Genome compaction allows animals and plants to fold their genes inside the tiny space of cell nuclei and relies on the conserved histone proteins. Nucleosomes, the core component of chromatin, consist of a histone octamer around which DNA wraps, ∼150 bp per unit, and are stacked in higher-order complexes that eventually shape into chromosomes. However, with great packing comes limited accessibility to some promoters and genes for the transcription machinery. As a countermeasure, histones can be covalently modified on their tails and core regions by several types of enzymes to change their level of compaction locally.
New findings by Su et al. (2017) reveal a connection between photoperiod-mediated induction of flowering time and phosphorylation of histone H2A at serine 95 in Arabidopsis thaliana.

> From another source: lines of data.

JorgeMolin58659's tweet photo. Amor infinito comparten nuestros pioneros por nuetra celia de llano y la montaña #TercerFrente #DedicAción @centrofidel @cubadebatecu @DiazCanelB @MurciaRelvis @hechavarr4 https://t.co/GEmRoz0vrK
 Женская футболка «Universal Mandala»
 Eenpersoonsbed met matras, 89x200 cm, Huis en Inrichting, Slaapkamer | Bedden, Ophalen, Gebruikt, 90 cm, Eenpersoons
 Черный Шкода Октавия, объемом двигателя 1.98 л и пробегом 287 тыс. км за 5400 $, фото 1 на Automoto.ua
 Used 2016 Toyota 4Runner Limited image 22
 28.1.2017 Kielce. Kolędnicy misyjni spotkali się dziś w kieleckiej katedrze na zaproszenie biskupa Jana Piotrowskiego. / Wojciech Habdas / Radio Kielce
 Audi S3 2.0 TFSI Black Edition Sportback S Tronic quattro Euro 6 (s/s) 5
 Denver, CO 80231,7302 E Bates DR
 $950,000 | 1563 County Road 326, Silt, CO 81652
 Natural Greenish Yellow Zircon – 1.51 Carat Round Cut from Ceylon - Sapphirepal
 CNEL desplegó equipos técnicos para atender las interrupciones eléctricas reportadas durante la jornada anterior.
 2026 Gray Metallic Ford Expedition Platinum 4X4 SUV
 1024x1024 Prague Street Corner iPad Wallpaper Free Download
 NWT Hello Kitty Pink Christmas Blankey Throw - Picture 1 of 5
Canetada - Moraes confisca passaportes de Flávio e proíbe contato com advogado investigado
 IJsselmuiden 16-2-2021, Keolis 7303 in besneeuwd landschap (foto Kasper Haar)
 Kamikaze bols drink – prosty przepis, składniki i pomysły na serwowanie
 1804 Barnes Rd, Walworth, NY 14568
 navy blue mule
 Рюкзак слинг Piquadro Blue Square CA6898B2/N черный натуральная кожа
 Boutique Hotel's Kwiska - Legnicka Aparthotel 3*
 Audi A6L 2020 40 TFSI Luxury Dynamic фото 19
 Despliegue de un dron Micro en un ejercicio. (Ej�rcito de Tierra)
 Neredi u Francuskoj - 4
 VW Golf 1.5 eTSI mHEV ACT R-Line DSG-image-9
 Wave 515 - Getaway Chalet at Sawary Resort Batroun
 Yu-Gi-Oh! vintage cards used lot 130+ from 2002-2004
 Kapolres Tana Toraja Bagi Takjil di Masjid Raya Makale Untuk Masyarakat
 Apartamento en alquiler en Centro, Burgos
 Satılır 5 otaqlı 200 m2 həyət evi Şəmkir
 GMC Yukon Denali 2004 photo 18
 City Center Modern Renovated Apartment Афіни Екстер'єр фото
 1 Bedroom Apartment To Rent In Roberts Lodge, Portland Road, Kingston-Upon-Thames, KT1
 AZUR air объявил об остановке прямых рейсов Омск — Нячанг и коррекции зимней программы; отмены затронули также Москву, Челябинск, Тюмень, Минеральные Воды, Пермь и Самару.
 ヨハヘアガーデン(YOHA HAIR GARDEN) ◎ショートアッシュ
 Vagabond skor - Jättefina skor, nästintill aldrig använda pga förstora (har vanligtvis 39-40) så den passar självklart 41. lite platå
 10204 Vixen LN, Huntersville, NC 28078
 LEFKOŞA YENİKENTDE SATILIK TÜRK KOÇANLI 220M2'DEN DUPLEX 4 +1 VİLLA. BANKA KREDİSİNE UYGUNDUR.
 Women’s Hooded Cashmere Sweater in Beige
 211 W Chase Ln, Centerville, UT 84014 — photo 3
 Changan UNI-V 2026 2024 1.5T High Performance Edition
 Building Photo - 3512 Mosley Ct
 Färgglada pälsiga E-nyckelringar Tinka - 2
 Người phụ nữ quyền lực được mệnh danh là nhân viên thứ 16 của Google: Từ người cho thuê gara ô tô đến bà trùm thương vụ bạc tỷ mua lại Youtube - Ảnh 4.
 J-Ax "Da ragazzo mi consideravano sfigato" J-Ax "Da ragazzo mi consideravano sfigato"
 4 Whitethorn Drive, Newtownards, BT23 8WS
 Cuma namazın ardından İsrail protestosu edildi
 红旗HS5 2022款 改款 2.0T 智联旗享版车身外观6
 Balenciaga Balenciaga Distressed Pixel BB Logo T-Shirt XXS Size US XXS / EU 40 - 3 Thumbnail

The kinase MUT9p-LIKE KINASE4 (MLK4) is part of a four-protein family with high similarity to the MUT9p kinase from Chlamydomonas reinhardtii (Casas-Mollano et al., 2008). In the single-cell alga, a mut9 mutant reactivates expression of silenced transgenes and derepresses several transposons, pointing to a role in epigenetic gene silencing. Biochemically, MUT9p phosphorylates the tail of histones H2A and H3, which leads to a downregulation of target genes.
Of the four MUT9p-like genes in Arabidopsis, only loss of MLK4 results in a delay in flowering initiation on its own (Su et al., 2017), although partial redundancy may exist among family members (Huang et al., 2016). Su and colleagues define the regulatory cascade linking MLK4 function to photoperiod-mediated induction of flowering time.
Based on double mutant analyses, the authors show that MLK4 acts upstream of the flowering time proteins CONSTANS (CO) and GIGANTEA (GI), but downstream of the clock protein CIRCADIAN CLOCK ASSOCIATED1 (CCA1). Gene expression levels of CO and GI are consistent with these observations and imply that loss of MLK4 leads to lower GI expression, which in turn results in lower CO mRNA levels.
MLK4 is found in the nucleus and interacts physically with CCA1, although it does not phosphorylate the clock protein itself. CCA1 binds to the GI promoter, where it meets up with MLK4, itself responsible for the phosphorylation of local histones H2A on serine 95. This amino acid residue is conserved in all plant H2A proteins, but not in animals or Chlamydomonas, nor is it found in the histone variant H2A.Z. Global phosphorylation of histone H2A on serine 95 is not affected in mlk4 mutants, stressing the very localized effect of MLK4 on histone modification.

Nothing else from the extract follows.